Canadians demand CRTC hearing on cuts to OMNI TV

A broad range of Canada’s multicultural communities has backed a call to the CRTC to hold public hearings on OMNI TV’s cuts to multicultural programming.

“The multicultural protections guaranteed by the Broadcasting Act oblige the CRTC to act. Rogers’ cuts to its five OMNI stations have affected news programs and others in Greek, Hindi, Italian, Japanese, Polish, Portuguese, Tamil, Ukrainian, Cantonese, Mandarin and Punjabi,” says Peter Murdoch, Vice-President Media for the Communications, Energy and Paperworkers Union, Canada’s Media Union.
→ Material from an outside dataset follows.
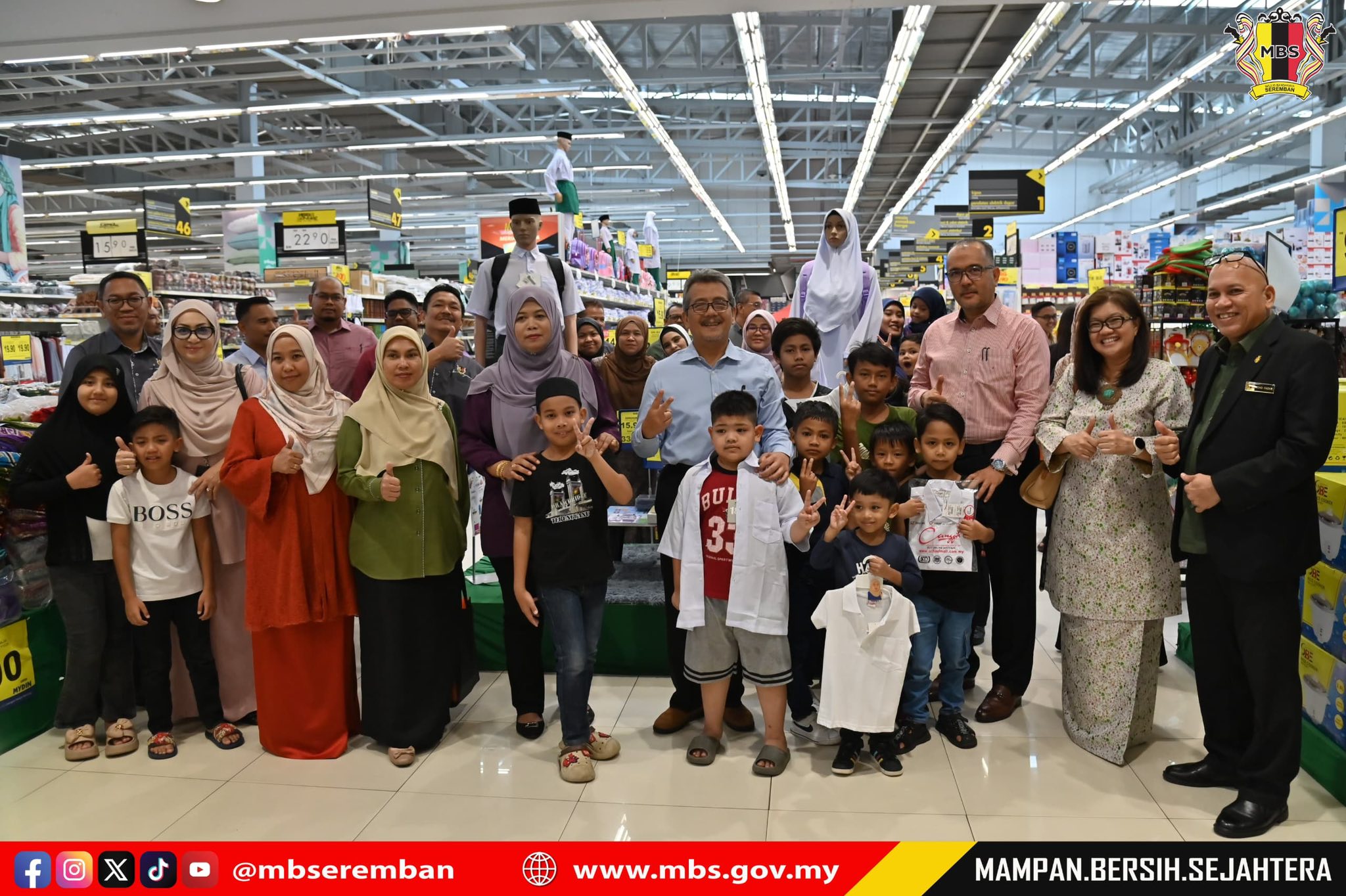 PROGRAM SUMBANGAN PERALATAN BACK TO SCHOOL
“That so many organizations representing millions of Canadians have intervened sends a clear message to the CRTC that the cuts have been devastating. Canada’s broadcast industry cannot simply give up on accommodating diversity and it is up the CRTC to assure that it doesn’t.”
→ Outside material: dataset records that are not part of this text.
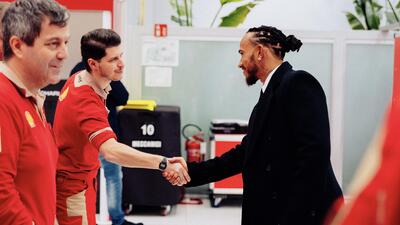 F1. Ferrari, Hamilton parla gi&agrave; in italiano ai dipendenti di Maranello: "Grazie per il caloroso benvenuto, non vedo l'ora di lavorare con voi"
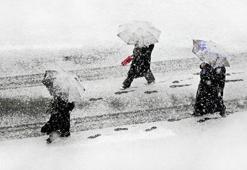 İstanbul'da kar yağışı başladı! Uyarı üstüne uyarı geldi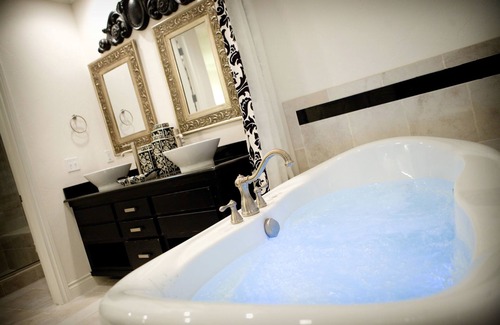 Edmond Bed & Breakfast | Two Hearts Inn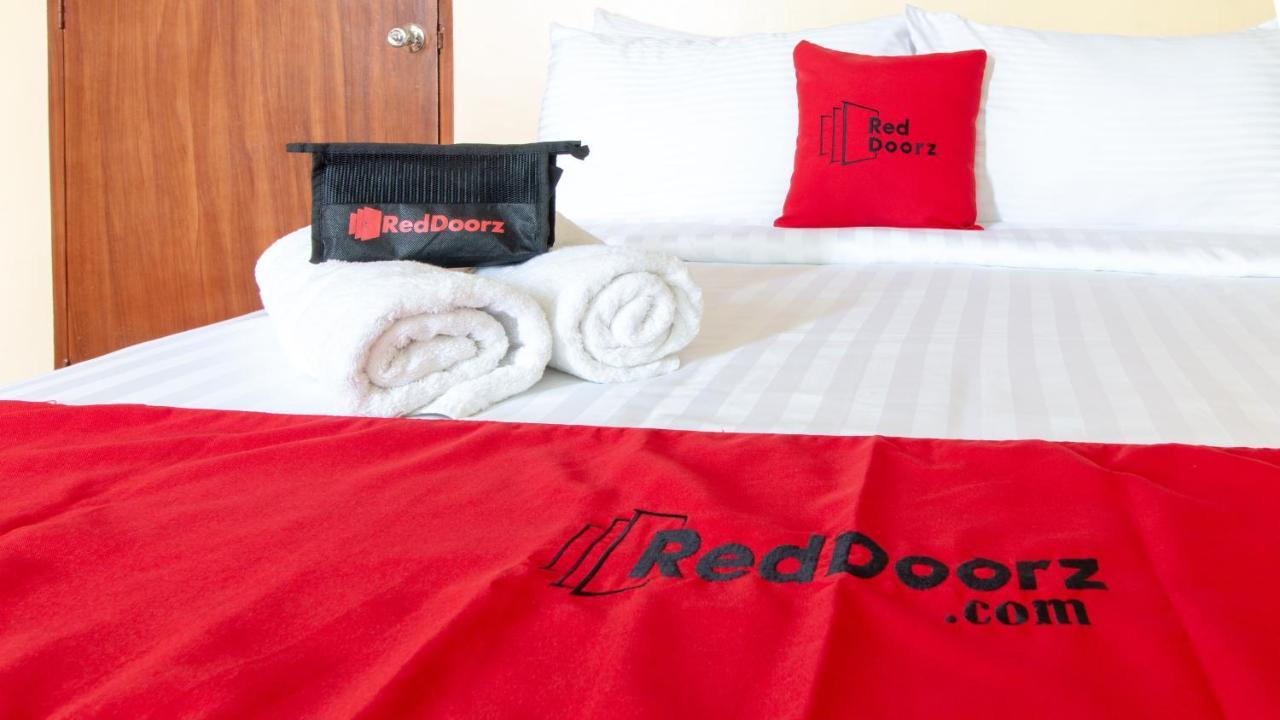 Reddoorz @ Downtown Tacloban Hotel Exterior foto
“Rogers lobbied hard to get the OMNI licences and promised to serve multicultural communities with original local news in different languages. It now wants to renege.

“Rogers has admitted that it cut multicultural programs because the English-language programs it runs as ‘bookends’ for its multicultural programs are not as successful as they hoped. It beggars belief that multicultural communities should lose their local news in their languages to support less lucrative US sitcoms,” said Murdoch.
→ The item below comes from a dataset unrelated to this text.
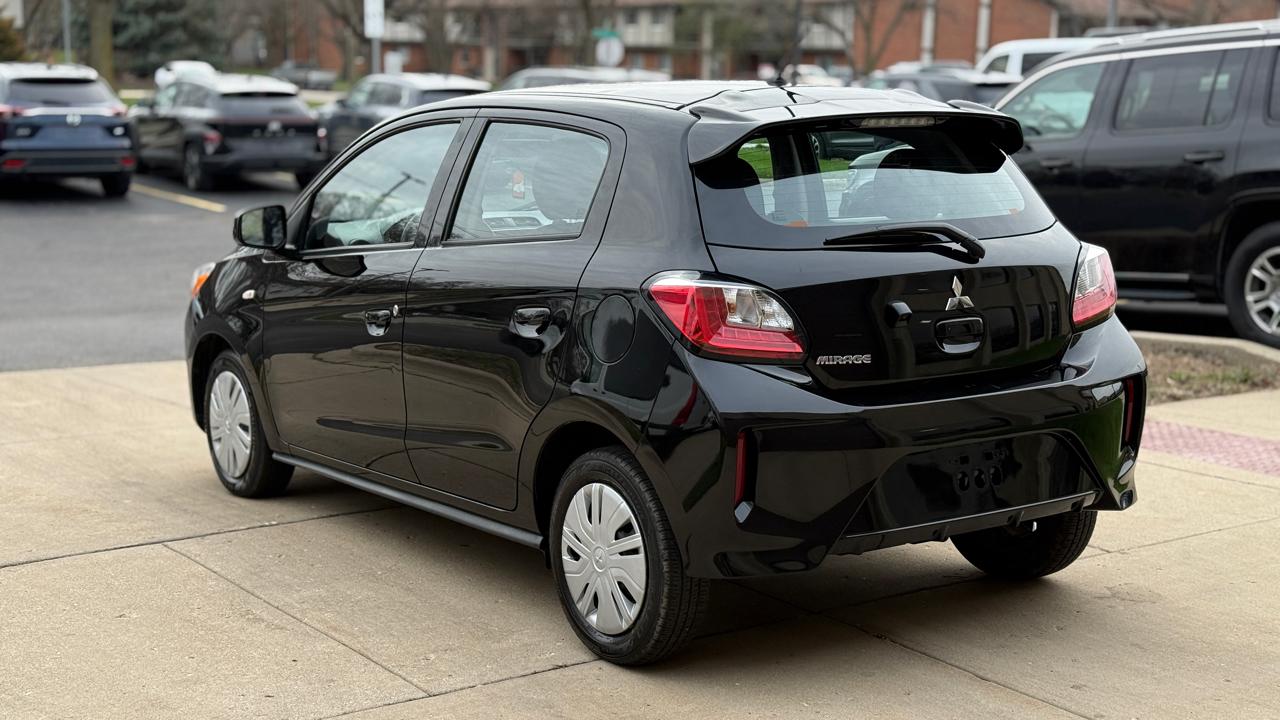 Mitsubishi Mirage ES CVT 2024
The organizations that have supported CEP’s request to the CRTC to hold a public hearing include the Urban Diversity Forum led by former CRTC Commissioner Andrew Cardozzo, the Canadian Ethnic Media Association, The National Ethnic Press and Media Council of Canada along with national organizations representing Canadians with Chinese, Italian, Polish, Southeast Asian and Tamil backgrounds.

“These Canadians need to know that the CRTC is there in their interest and not simply a commission dedicated to protecting the interests of large media corporations like Rogers.”

The union expects the CRTC may make a decision within a month.